Fujii M, Kiura K, Kamei H, Okabe K, Toki H
Gan To Kagaku Ryoho. 1987 Jul;14(7):2257-61.
Thirty-two patients with primary lung cancer receiving combination chemotherapy including cisplatin at a dosage of 80-120 mg/m2 were entered into an antiemetic randomized crossover trial. Patients received metoclopramide (2 mg/kg i.v. every 2 h X 5), droperidol (0.5 mg/kg i.v.) and dexamethasone (30 mg i.v.) on day 1, and metoclopramide (1mg/kg i.v. every 8 h X 3) (Regimen A) or metoclopramide and droperidol (2.5 mg i.v. every 8 h X 3) (Regimen B) on days 2 to 5. No vomiting occurred within the first 24 hours after cisplatin administration in 75% of patients. Regimen B was found to be more effective than regimen A with respect to the mean duration of vomiting (p less than 0.1), the mean duration of nausea (p less than 0.05), the mean duration of anorexia (p less than 0.05), and the mean score of the patients' opinions (p less than 0.1). When the patients were asked for their opinion of the two regimens, 39% preferred regimen B (p less than 0.05). There were no major side effects with either regimen.

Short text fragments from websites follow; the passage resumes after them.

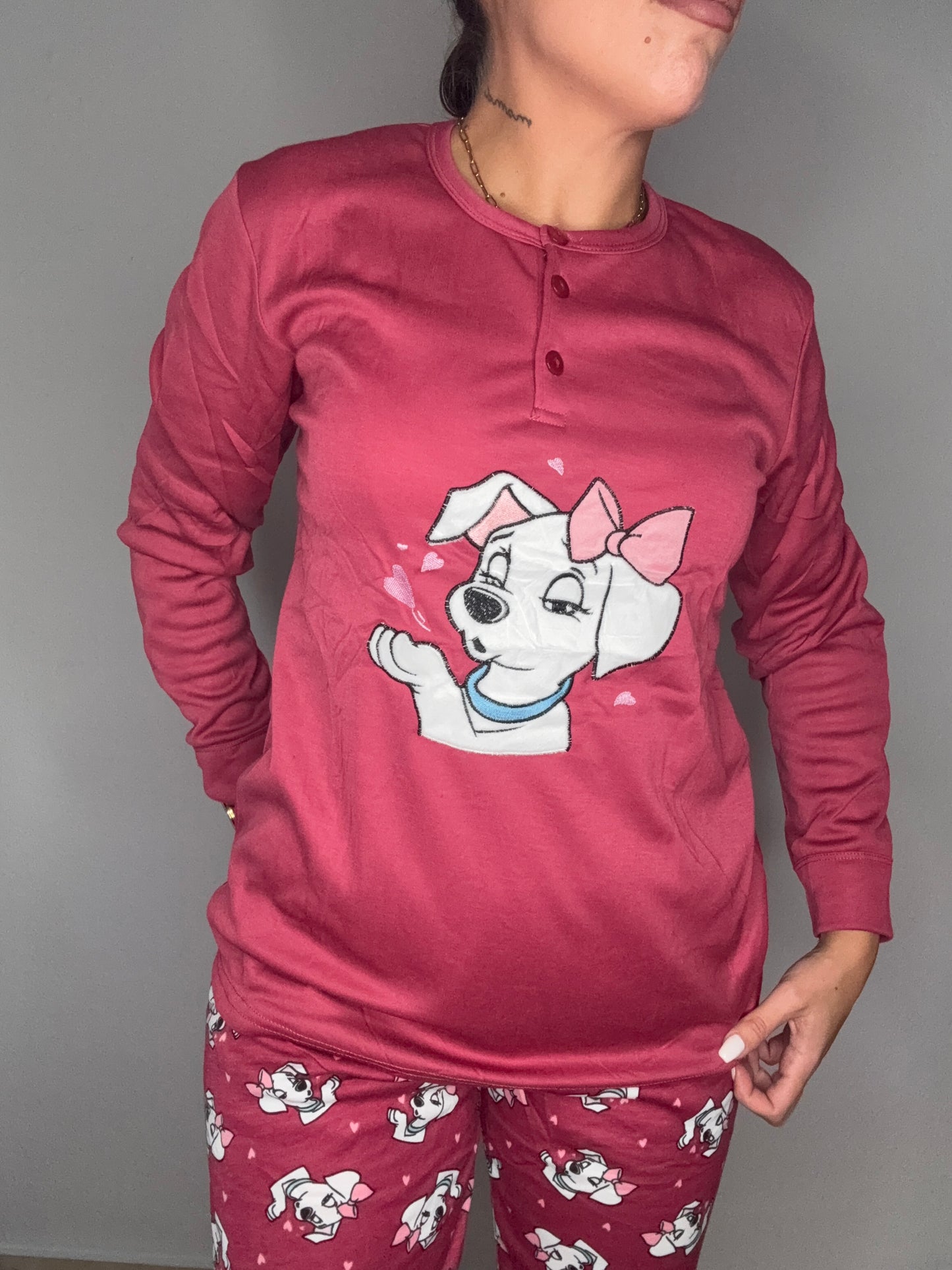 PIJAMA DÁLMATA BUGANVILLA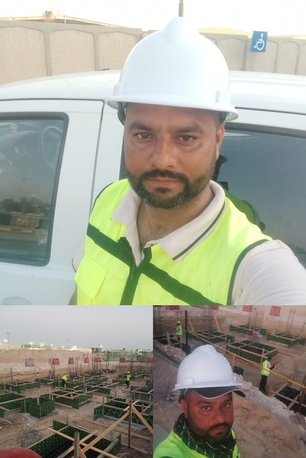 Rabigh, Job Seekers, Civil Supervisor Foreman With14 Years Experience High-rise Buildings,Villas
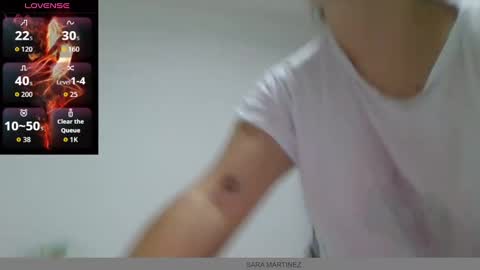 Snapshot of saramartinez100 chatting on September 2025 03:20:01 AM sara martinez online show from September 2025 03:20:01 AM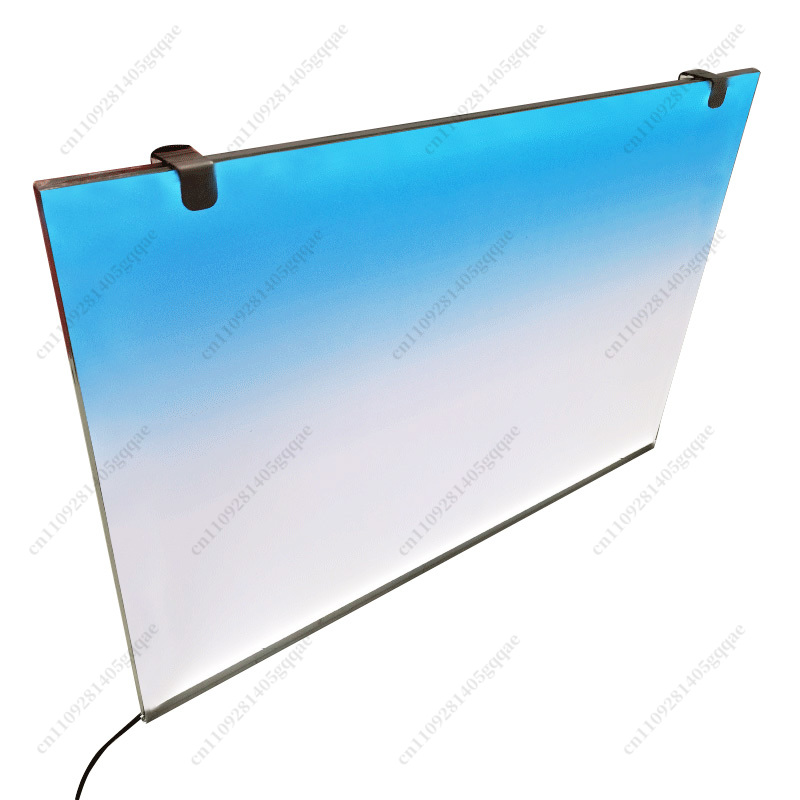 Aquarium Fish Rainbow - Fish Tank Background Board LED Aquarium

32例接受含顺铂联合化疗(顺铂剂量为80 - 120mg/m²)的原发性肺癌患者进入一项止吐随机交叉试验。患者在第1天接受甲氧氯普胺(2mg/kg静脉注射,每2小时1次,共5次)、氟哌利多(0.5mg/kg静脉注射)和地塞米松(30mg静脉注射),在第2至5天接受甲氧氯普胺(1mg/kg静脉注射,每8小时1次,共3次)(方案A)或甲氧氯普胺和氟哌利多(2.5mg静脉注射,每8小时1次,共3次)(方案B)。75%的患者在顺铂给药后的头24小时内未发生呕吐。结果发现,方案B在呕吐平均持续时间(p<0.1)、恶心平均持续时间(p<0.05)、厌食平均持续时间(p<0.05)以及患者意见平均得分(p<0.1)方面比方案A更有效。当询问患者对两种方案的看法时,39%的患者更喜欢方案B(p<0.05)。两种方案均未出现严重副作用。